Far from a remake, this melded sequel follows on from the traditional story we all know picking up with Alice in her late teens. Older and wiser her conscious mind has forgotten about Wonderland but she is regularly haunted by dreams of floating cats and blue caterpillars. In quintessential old England Alice is attending a party, talking to her family and friends everyone seems to think her life is set for her. She’s young and beautiful, a lord wishes to marry her and she need never work or want for anything. There are just a few problems, her beau is a ginger man with dodgy bowls and she has grander plans for her life. Being proposed to in front of the entire party pushes her over the edge and she runs away for some air following a rather energetic rabbit to a hole she promptly falls into.
From here on out we are treated to the wonderful world of Wonderland as Alice works her way through the landscape meeting familiar characters as she goes, not quite remembering them herself. Believing everything to be a dream Alice boldly forges through the land in search of answers to who everyone around her is and why they think she is their saviour. What transpires from this is a fairly standard coming of age story where Alice finds herself just in time to save the day in an epic final battle with the Christopher Lee voiced Jaberwocky. On her way she meets various fun characters voiced by a veritable banquet of stars such as Stephen Fry, Alan Rickman, Barbra Winsor and Matt Lucas.

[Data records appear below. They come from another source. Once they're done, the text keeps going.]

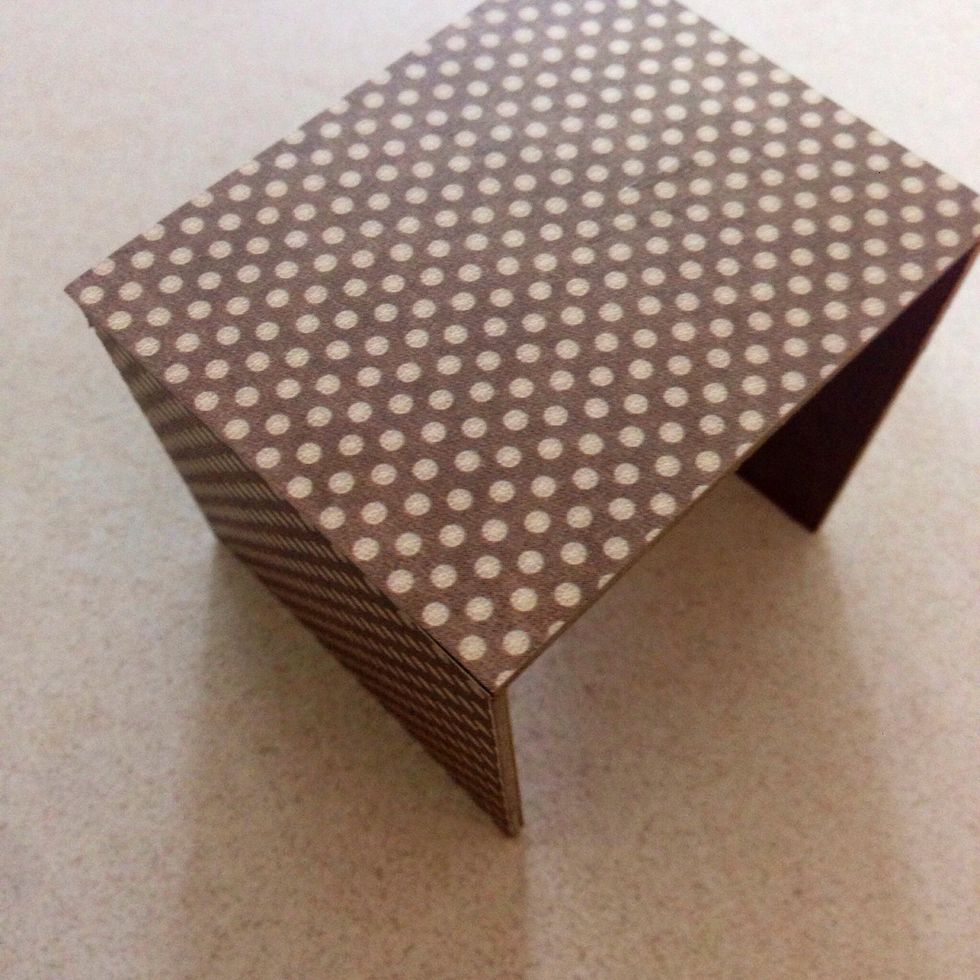 Glue the pattern paper onto the chipboard containers... Repeat the same for the rest of the surfaces and this is what you will get...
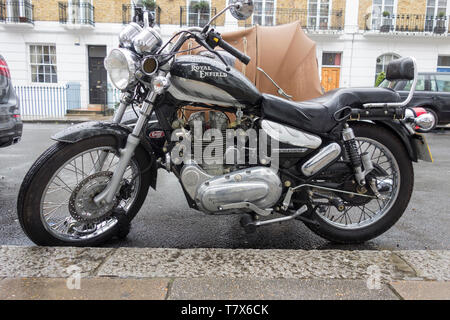 Un Royal Enfield Thunderbird stile cruiser moto coperti in gocce di pioggia Foto Stock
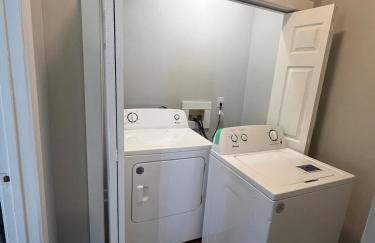 Enjoy Peace of Mind with a Modern Touch of Class - Foto 14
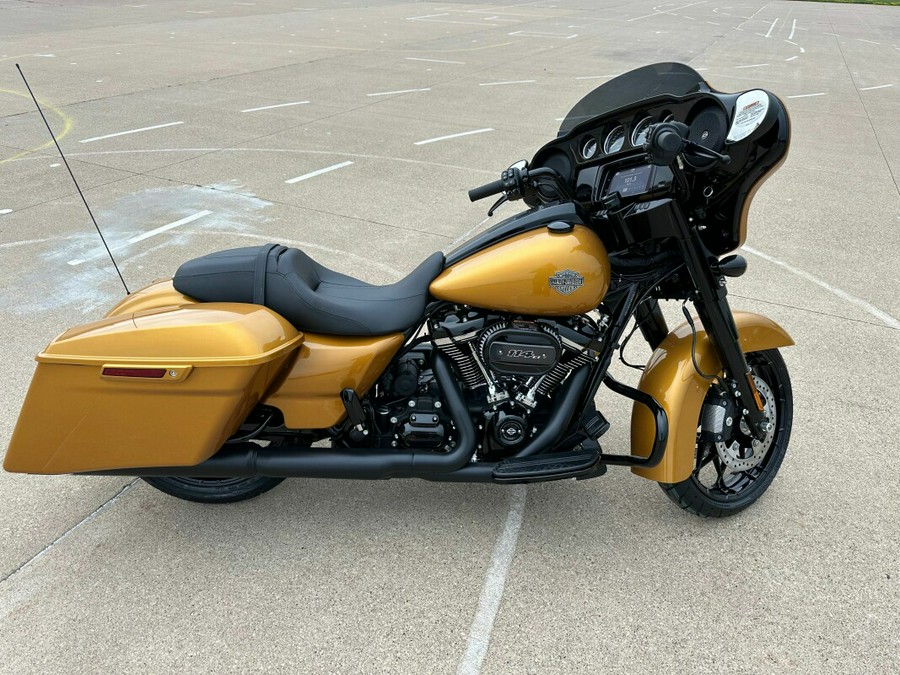 2023 Harley-Davidson Street Glide Special Prospect Gold – Black Finish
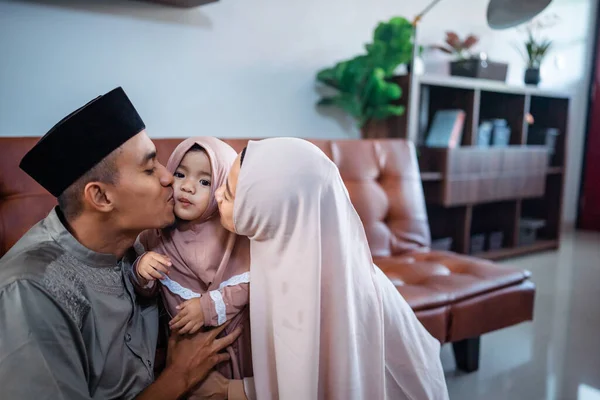 Keluarga muslim mencium bayi perempuannya sambil bersenang-senang di rumah — Stok Foto
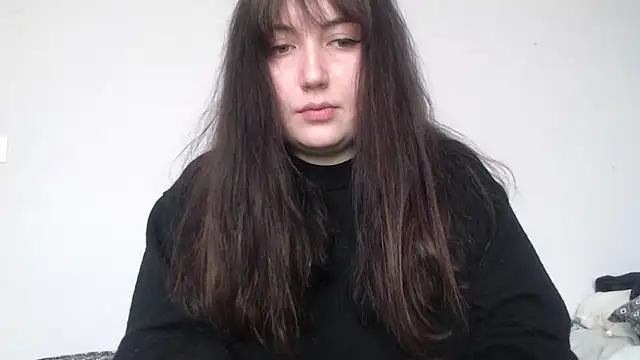 Lynylou online show from March 2026 03:05:02 PM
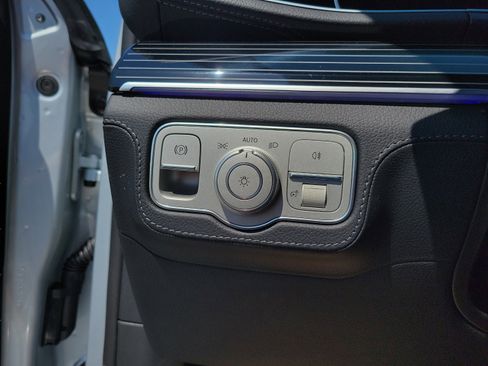 New 2026 Mercedes-Benz GLE 53 AMG 4MATIC image 18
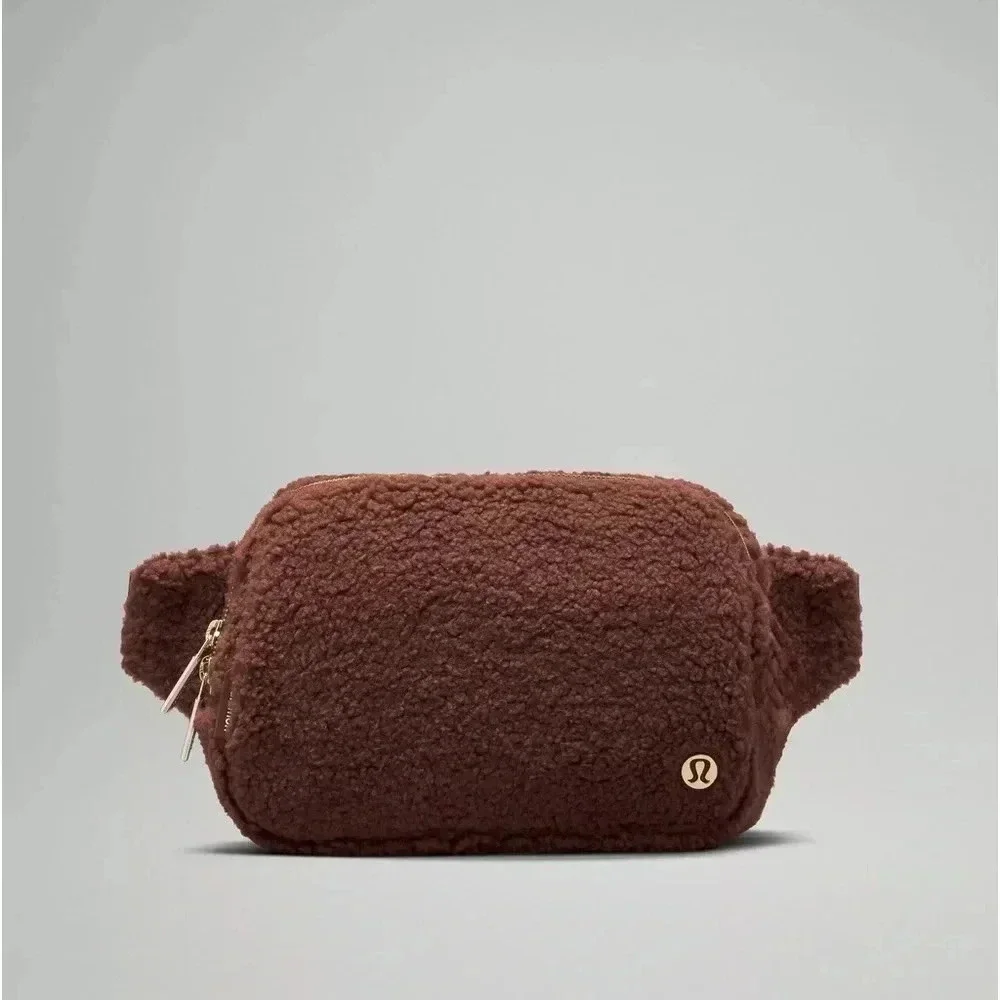 NWT LULULEMON BROWN 2L EVERYWHERE BELT BAG FUZZY. No longer available in stores - Picture 2 of 5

The people we can actually see are equally delightful in their respective roles. Helena Boham Carter plays the frightfully petulant but consistently funny Red Queen who rules Wonderland with a not so steady fist, her sister, and former ruler the White Queen is played almost spookily by Anne Hathaway and of course there is Burton favourite Johnny Depp as the Mad Hatter. This hatter is a part Scottish schizophrenic bundle of words who’s oversized eyes glow different colours as his mood flies wildly from one spectrum to the next. Heading an array of colourful well played characters Depp is again the cherry on Burton’s bizarre cake delivering a performance that is sharp and lively throughout.
In addition to this the world they inhabit is wonderfully realised. Both dark and light it is full of little Burton touches. The very land itself seems to breath and the screen is always pack with interest. The CGI is lovingly mastered to help compliment the performers both physically and in their land of whimsical madness. I personally didn’t think the 3D aspect was the strongest point here, only really excelling during some flying teacup moments but non the less never looks out of place.
The thing that does let the film down however is the story. It’s a little bland and lacking in the imagine shown elsewhere. Tim Burton’s darkly witty aesthetic and Lewis Carrolls madcap storytelling should be an ideal combination but they are never allowed to gel here. The film, scripted by the same Disney writer who brought them the Lion King, hasn’t made as good use of her source text as she did in the latter leaving the film to sparkle in from of the eyes but not inside the ears. Gone is Carrolls literary nonsense style replaced with consistent and comfortable narrative in a very standard framework. It leaves the film a little too conventional and I felt in parts that Burton’s imagination was held back. Maybe with a narrative more true to its source Burton could have pushed a few of his idea’s a little further and delivered a truly unruly Wonderland indeed.
All this however doesn’t detract from what is ultimately an enjoyable if slightly light film. With wonderful visuals and excellent performances bringing the characters to life you can’t help but smile at most of what goes on throughout the film. Newcomer Mia Wasikowska is very strong as Alice and updates our older heroine nicely while sharing the screen with such big hitters as Depp and Carter. So whist we go down the rabbit hole for another adventure, it seems that as we grow up, things really aren’t quite as fun as they used to be.